Earlier this year, the first of two space domain awareness (SDA) payloads, called the QZS6-HP1, launched from Tanegashima, Japan. Recently, that payload collected its first imaging data, a moment known as first light. Sponsored by the United States Space Force (USSF), MIT Lincoln Laboratory designed, built, and delivered the two payloads as part of a U.S. and Japanese partnership program called the Quasi-Zenith Satellite System Hosted Payload (QZSS-HP). The program demonstrates a shared commitment to increasing space partnerships in alignment with both allies' national space policies and contributes to integrated deterrence and international security. Throughout the program, Lincoln Laboratory worked side-by-side with the USSF, Japan's National Space Policy Secretariat, and the Mitsubishi Electric Corp.

For the past few decades, satellite launches across the globe have steadily increased as governments and private commercial companies initiate and progress their space-related activities, creating a more crowded space environment. Both the United States and Japan are interested in fortifying SDA within the crowded geosynchronous orbit (GEO) space. This international program began in 2019 as a way to meet this need by pairing a U.S. SDA sensor with the ongoing Japanese QZSS program. The QZSS is Japan's domestically engineered and manufactured position, navigation, and timing space system, designed for users in Japan and currently augmenting the U.S. Global Positioning System.

The USSF engaged Lincoln Laboratory for this program because of its extensive experience in developing SDA sensors, particularly for the ORS-5/SensorSat satellite, which launched in 2017. SensorSat is a small, low-cost alternative to current U.S. capabilities in detecting and tracking GEO satellites. The QZSS payloads leverage SensorSat's compact optical design that allows their sensors to passively survey the sky with high performance. Unlike SensorSat, however, which sends its collected data to a ground system for processing, the laboratory's QZSS payloads accomplish the majority of their data processing on-orbit. This alternative processing approach reduces the size of the downlinked data by three orders of magnitude, making it an enabling architecture for bandwidth-constrained missions.

"The payload's passive searching offloads other SDA assets by providing continuous monitoring, which creates a more resilient space architecture," says Ashley Long, Lincoln Laboratory's program manager for QZSS-HP. These satellites will deliver near-real-time data to the U.S. Space Surveillance Network.

The second QZSS payload has been integrated onto Japan's QZS-7 satellite and is expected to launch in late 2025. For QZS6-HP1, the Lincoln Laboratory team is now conducting on-orbit testing.

Emily Clements, a deputy manager for the program, says that reaching the first-light stage is a significant milestone. "For first light to succeed, every part of the system has to work, including the laboratory-fabricated sensor and the payload's many supporting subsystems, as well as data interfaces with Japan and the U.S. ground systems receiving the data," she says. "This moment represents the culmination of years of hard work and international partnership, paving the way for more comprehensive SDA monitoring of GEO."

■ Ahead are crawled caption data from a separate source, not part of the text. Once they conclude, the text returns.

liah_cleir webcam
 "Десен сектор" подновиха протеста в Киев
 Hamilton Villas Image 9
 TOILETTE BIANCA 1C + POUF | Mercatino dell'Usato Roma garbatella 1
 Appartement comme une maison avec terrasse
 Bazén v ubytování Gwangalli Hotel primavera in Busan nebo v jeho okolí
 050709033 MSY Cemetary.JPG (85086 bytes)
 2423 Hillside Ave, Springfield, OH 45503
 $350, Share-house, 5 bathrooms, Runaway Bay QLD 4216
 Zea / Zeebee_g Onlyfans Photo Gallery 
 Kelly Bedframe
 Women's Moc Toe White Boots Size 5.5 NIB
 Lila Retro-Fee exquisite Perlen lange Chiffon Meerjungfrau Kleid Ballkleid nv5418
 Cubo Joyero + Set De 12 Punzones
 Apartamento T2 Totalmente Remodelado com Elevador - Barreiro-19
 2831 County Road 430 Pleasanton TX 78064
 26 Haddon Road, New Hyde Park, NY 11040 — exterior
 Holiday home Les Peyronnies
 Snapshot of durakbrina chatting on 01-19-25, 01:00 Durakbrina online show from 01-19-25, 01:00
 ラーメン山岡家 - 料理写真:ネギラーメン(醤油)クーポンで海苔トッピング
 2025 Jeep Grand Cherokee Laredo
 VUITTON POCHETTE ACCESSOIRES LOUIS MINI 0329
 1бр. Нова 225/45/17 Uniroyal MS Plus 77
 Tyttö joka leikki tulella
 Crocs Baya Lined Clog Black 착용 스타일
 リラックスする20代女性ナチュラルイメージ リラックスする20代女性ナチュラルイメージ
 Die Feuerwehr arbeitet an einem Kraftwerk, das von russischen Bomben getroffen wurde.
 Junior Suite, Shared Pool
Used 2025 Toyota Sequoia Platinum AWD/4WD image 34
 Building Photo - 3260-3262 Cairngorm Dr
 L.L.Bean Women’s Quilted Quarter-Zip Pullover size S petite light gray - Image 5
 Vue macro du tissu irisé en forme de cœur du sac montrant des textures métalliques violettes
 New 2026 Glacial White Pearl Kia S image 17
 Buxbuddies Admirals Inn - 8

Over the next few months, the Lincoln Laboratory team will refine sensor parameters based on on-orbit data to maximize performance. The team will then continue to support operations for the lifetime of the mission.

"While originally conceived to be a demonstration mission and a pathfinder for international collaboration, the QZSS-HP promises to provide strong operational utility for the United States," Long says. "Additionally, the payload design has been transferred to the government, allowing for similar payloads to be built and delivered, further extending the reach and impact of this mission."